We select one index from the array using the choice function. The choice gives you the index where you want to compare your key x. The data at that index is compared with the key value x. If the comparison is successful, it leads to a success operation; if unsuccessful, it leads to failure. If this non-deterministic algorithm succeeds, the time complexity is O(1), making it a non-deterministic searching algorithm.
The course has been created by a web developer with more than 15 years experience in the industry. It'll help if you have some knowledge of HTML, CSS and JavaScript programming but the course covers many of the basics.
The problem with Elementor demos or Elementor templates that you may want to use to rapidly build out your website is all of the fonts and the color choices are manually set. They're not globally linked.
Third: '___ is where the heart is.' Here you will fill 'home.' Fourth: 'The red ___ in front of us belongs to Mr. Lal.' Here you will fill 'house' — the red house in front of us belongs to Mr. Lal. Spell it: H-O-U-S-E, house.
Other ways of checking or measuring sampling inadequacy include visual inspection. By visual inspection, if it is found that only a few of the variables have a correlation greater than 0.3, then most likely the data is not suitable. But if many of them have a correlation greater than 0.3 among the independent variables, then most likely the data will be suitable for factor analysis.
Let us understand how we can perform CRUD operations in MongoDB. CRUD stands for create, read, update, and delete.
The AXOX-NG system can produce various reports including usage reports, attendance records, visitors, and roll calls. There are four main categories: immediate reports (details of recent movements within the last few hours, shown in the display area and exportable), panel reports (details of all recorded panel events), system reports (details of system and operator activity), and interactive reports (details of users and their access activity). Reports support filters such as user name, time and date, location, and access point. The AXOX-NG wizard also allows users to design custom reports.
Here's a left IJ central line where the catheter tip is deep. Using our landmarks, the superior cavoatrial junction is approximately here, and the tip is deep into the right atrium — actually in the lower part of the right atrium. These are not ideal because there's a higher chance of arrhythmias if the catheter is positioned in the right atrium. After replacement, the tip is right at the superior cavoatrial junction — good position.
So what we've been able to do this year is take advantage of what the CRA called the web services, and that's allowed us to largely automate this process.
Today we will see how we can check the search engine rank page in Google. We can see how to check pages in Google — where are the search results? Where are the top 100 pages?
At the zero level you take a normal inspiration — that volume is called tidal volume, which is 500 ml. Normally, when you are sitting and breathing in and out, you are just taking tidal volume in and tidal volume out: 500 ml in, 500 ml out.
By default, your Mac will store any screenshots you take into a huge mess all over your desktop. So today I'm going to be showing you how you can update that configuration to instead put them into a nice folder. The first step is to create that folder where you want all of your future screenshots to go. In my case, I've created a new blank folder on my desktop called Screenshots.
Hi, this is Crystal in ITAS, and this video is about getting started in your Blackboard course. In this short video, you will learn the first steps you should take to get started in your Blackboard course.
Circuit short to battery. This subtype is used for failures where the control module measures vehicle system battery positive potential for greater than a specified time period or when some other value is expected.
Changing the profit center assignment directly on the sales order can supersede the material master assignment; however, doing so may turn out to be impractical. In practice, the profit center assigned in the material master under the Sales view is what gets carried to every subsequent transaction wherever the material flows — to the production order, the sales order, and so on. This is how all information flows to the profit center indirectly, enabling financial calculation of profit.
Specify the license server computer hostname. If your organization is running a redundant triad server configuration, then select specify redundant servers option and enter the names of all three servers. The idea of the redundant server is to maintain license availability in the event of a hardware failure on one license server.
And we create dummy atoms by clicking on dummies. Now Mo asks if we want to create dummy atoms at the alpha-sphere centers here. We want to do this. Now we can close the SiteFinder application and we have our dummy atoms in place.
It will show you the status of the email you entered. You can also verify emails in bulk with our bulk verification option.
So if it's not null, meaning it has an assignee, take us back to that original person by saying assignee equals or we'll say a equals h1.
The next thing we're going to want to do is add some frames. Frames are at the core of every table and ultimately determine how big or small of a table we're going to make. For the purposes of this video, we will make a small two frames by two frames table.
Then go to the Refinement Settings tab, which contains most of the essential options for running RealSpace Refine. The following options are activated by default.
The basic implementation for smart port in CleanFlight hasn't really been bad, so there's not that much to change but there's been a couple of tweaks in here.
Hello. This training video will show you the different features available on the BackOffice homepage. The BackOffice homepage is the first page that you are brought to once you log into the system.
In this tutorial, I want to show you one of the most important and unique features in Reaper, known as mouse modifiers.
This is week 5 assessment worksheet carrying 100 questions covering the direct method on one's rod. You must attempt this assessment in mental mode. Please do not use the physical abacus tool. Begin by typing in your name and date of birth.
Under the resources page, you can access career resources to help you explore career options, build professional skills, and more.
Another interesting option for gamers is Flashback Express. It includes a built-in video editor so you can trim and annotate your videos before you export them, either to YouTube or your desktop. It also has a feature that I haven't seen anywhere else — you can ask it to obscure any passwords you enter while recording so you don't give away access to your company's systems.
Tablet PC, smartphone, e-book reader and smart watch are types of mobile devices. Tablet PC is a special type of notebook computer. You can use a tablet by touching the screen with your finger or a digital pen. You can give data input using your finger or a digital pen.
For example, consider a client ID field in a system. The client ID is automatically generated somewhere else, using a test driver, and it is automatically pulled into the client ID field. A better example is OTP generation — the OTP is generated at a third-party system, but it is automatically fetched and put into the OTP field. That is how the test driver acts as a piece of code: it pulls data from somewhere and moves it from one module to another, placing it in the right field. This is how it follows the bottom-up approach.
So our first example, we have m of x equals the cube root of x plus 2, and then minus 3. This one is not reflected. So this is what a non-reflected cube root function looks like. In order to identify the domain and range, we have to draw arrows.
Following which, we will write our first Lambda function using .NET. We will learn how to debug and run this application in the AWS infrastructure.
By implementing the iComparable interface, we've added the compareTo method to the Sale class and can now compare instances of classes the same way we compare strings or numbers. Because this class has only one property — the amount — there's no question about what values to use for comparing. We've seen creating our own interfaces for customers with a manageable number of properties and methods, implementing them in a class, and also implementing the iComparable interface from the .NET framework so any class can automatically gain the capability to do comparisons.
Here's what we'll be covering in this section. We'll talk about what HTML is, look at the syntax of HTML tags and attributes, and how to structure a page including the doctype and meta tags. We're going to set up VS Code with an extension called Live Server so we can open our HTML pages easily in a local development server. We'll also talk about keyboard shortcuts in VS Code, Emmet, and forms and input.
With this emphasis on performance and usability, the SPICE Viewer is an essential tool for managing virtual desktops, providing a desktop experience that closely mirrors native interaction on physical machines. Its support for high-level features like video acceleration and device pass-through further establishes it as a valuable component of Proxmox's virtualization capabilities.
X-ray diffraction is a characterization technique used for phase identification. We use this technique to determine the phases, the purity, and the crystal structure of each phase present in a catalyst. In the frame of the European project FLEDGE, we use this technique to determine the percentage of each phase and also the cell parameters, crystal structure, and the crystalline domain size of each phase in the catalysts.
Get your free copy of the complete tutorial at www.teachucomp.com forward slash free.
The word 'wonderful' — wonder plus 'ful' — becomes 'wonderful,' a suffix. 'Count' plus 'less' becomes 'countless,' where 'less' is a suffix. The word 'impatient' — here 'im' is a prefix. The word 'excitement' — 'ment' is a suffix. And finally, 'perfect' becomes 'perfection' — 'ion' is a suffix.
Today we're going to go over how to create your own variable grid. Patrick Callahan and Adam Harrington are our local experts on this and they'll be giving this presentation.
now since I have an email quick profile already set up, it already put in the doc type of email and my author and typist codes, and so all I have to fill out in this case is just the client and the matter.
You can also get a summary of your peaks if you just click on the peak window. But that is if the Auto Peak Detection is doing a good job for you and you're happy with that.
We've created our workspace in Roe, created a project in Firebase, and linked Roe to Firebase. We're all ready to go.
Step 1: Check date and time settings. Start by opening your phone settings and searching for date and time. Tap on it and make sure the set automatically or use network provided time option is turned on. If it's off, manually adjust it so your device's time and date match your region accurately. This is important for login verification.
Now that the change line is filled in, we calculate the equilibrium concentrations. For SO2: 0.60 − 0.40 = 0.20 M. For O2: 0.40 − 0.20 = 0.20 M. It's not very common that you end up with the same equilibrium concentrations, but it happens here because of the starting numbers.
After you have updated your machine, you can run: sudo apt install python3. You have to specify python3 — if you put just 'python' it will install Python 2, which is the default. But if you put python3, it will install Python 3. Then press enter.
◇ ◇ ◇
● **Requirement**:
Quote, with nothing altered, all lines from the start of the entries to the line that carries "Third: '___ is", inclusive.

● **Problem solution**:
We select one index from the array using the choice function. The choice gives you the index where you want to compare your key x. The data at that index is compared with the key value x. If the comparison is successful, it leads to a success operation; if unsuccessful, it leads to failure. If this non-deterministic algorithm succeeds, the time complexity is O(1), making it a non-deterministic searching algorithm.
The course has been created by a web developer with more than 15 years experience in the industry. It'll help if you have some knowledge of HTML, CSS and JavaScript programming but the course covers many of the basics.
The problem with Elementor demos or Elementor templates that you may want to use to rapidly build out your website is all of the fonts and the color choices are manually set. They're not globally linked.
Third: '___ is where the heart is.' Here you will fill 'home.' Fourth: 'The red ___ in front of us belongs to Mr. Lal.' Here you will fill 'house' — the red house in front of us belongs to Mr. Lal. Spell it: H-O-U-S-E, house.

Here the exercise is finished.